NASA Insignia
Menu
Imagine the Universe!

The Lumpy Universe

The Universe that we see today is very lumpy. There are planets, stars, galaxies, and clusters of galaxies. Yet when we look at the afterglow from the Big Bang, we see an incredibly smooth glow across the sky. So how did the matter in the Universe get to be so lumpy after starting out so smooth?

Astronomers generally agree that gravity shaped the evolution of the lumps we see in the Universe today. The force of gravity between different chunks of matter caused the chunks to pull together into one body, and then that body pulled in more material, similar to a snowball rolling downhill, picking up more snow as it goes.

But each snowball must have a beginning – a small "seed" around which the other material will gather. Observations of the cosmic microwave background (CMB) – which is as close as we can get to seeing the Universe near its beginning – show that it has a temperature that is very close to uniform. The temperature of the CMB is a tracer of where matter was in the very early Universe. If the temperature was completely uniform, there would be no seeds for gravitational collapse – no way to form the lumps we see today.

Upon closer examination of small areas of the CMB, very small fluctuations are seen. Though these fluctuations are only at the part-per-million level, they are enough to produce variations in density, and thus determine where matter is more likely to coalesce due to gravity, eventually producing larger and larger lumps of matter. These slight variations were first discovered by NASA's Cosmic Background Explorer (COBE) satellite in 1992, and studied in more detail by the Wilkinson Microwave Anisotropy Probe (WMAP).

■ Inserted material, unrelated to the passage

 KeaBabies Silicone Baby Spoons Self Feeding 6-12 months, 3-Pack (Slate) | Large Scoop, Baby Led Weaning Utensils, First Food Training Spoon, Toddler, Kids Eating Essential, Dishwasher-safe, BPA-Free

Cosmic Microwave Background
The variations in the cosmic microwave background as seen by the COBE (top) and WMAP (bottom) missions. COBE was the first mission to see the small variations in temperature from one region to another in the CMB. WMAP later made more-detailed observations of these temperature variations.

One of the more interesting observations in cosmology is that while the matter contained in the Universe is indeed "lumpy," those lumps are evenly distributed – "homogenous and isotropic," speaking in scientific terms – within the Universe, on a large scale. This is known as the cosmological principle: the fact that no matter where the observer is located in space, the properties of the Universe will appear to be the same, as long as you're looking at the Universe at a sufficiently large scale. The average temperature and distribution of galaxies on one side of the Universe will be the same as on the opposite side, even though the two sides have been moving apart since the beginning of time.